Bus Ride to My Hotel
Clearing customs, I exited the cold air conditioning of the airport into the thick, humid night air. The air felt like a wet wool blanket. I moved quickly, looking for the bus stop. I reviewed a YouTube video to learn how to walk from the airport to the bus station at the front of the airport. Yes! Could I pay just fifty cents to get from Tocumen Airport to my hotel downtown and save $35? Well, I was on the bus. I had made it!
The driver raced the engine, and off we were! The traffic was insane. Horns were blaring. Drivers bumper to bumper. The exhaust fumes were stinging my eyes, and I could see the traffic building up in front of us. The driver turned up the music in the bus. We were a rolling mariachi band!
Traveling to Lake Gatun
The next morning, I met Rich, the owner of Panama Fishing. We left and jumped in his truck.
Rich described himself as a modern day adventurer. He had been to the Darien Jungle, Bolivia, all over Central and South America and was even bitten by a bat. I could tell that he was an experienced outdoorsman.
My game face was on. I was going to fish for the world-class peacock bass. The trip from my hotel to the Lake Gatun Marina took about thirty minutes. We passed former General Noriega’s house.

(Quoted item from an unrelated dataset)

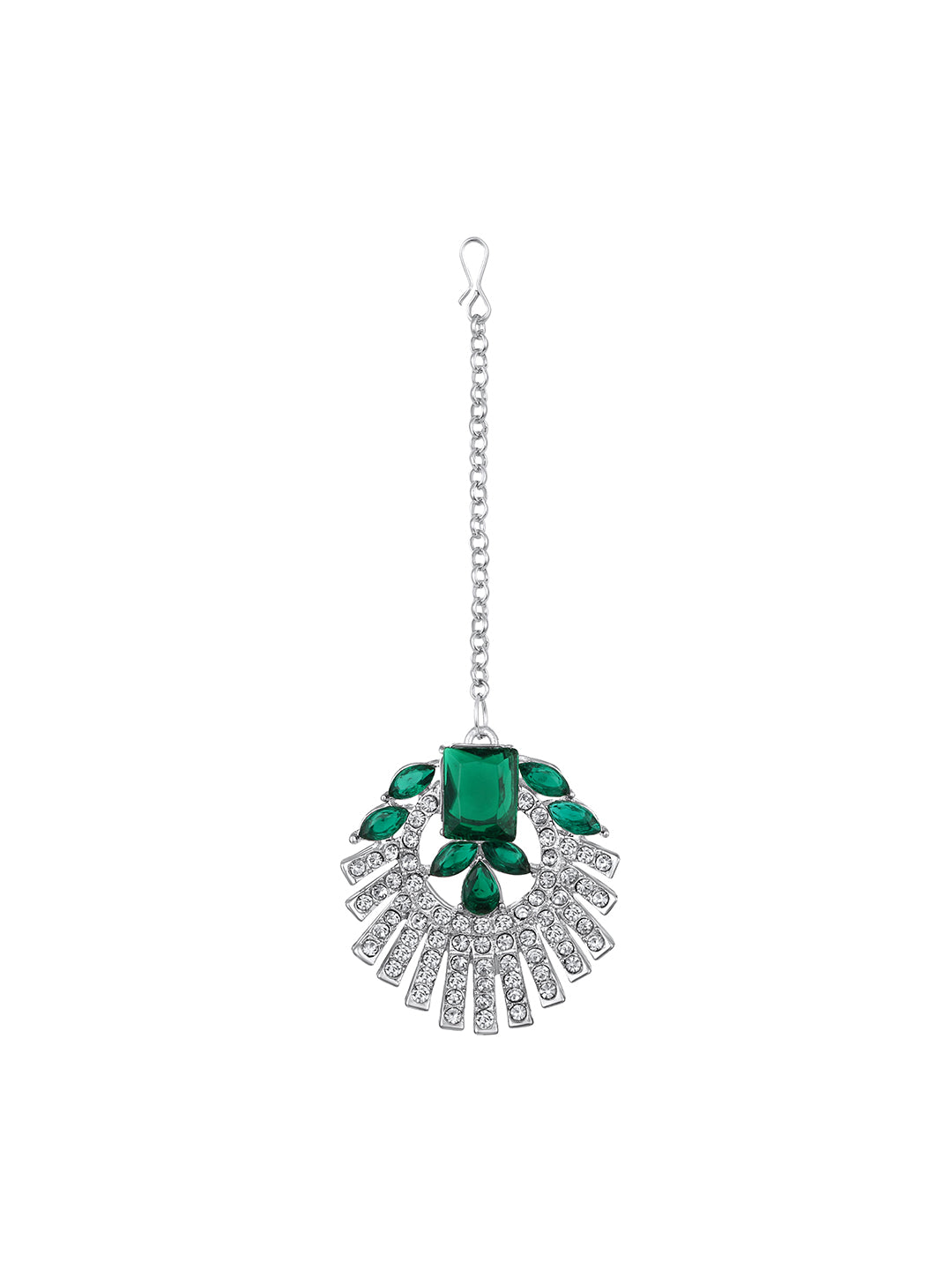 Rhodium Plated Emerald And White Stone Studded Choker Jewellery Set
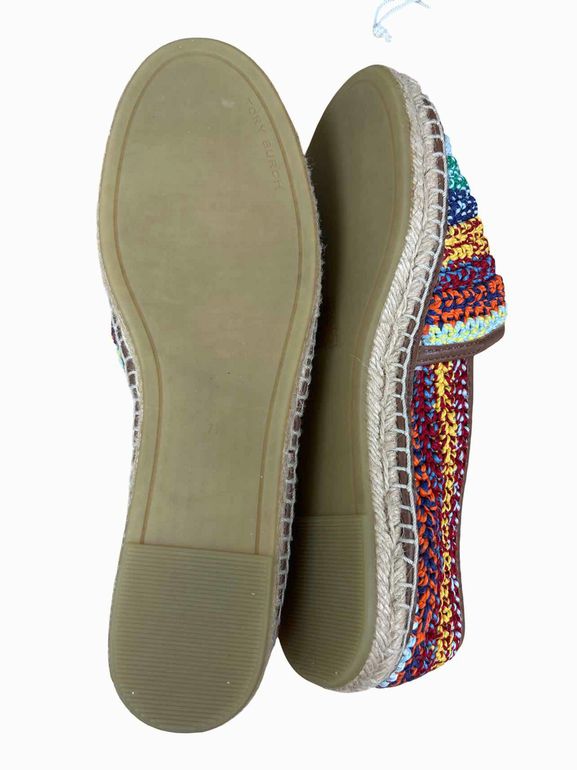 TORY BURCH EVERLY WOVEN CORD ESPADRILLE SIZE: 7.5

We arrived at the Lake Gatun Marina. Rich told me I would get a discount if I paid cash. Counting out $325 in small bills made me smile, it felt like a drug deal as I handed it to Rich. The peacock bass found in Panama, Brazil, and Florida are famous for fighting hard. They are excellent and taste similar to red snapper and grouper.
Ricky, a round man in his twenties, greeted me at the boat. He would be my guide for the day. The vessel looked clean, and there was plenty of tackle ready. Ricky told me he was from Colombia.
The Fish Didn’t Have a Chance
“I’ll get you the fish,” said Ricky over the roar of the outboard motor as we made our way to the fishing grounds. I liked what I heard. We passed several large ships transiting the canal. A ship from Germany loaded with cars cruised past us.
At the fishing grounds, many casts lead to strikes. I managed to land a couple of nice four pound Peacocks, and many smaller bass. I only wish my dad and brother were with me to experience it again.
Ricky looked at me as if to say I told you so. Indeed, he had brought me to the fish. The money spent on this trip was already worth it – I could go home! But, dozens of casts later I landed another nice four pounders. I let both fish go, to grow to lunker size, and hopefully, be caught by a young kid.
The day passed quickly, and on our return, we stopped at a small island. Ricky pointed to the island’s thick jungle vegetation. “There. See the monkeys?”
I saw four monkeys climbing and swinging in the trees. These were Capuchin monkeys, native to the forests of Central and South America.
Travel Tip: Always carry a flashlight and use it at night. Panama does not maintain their sidewalks. The streets are full of holes.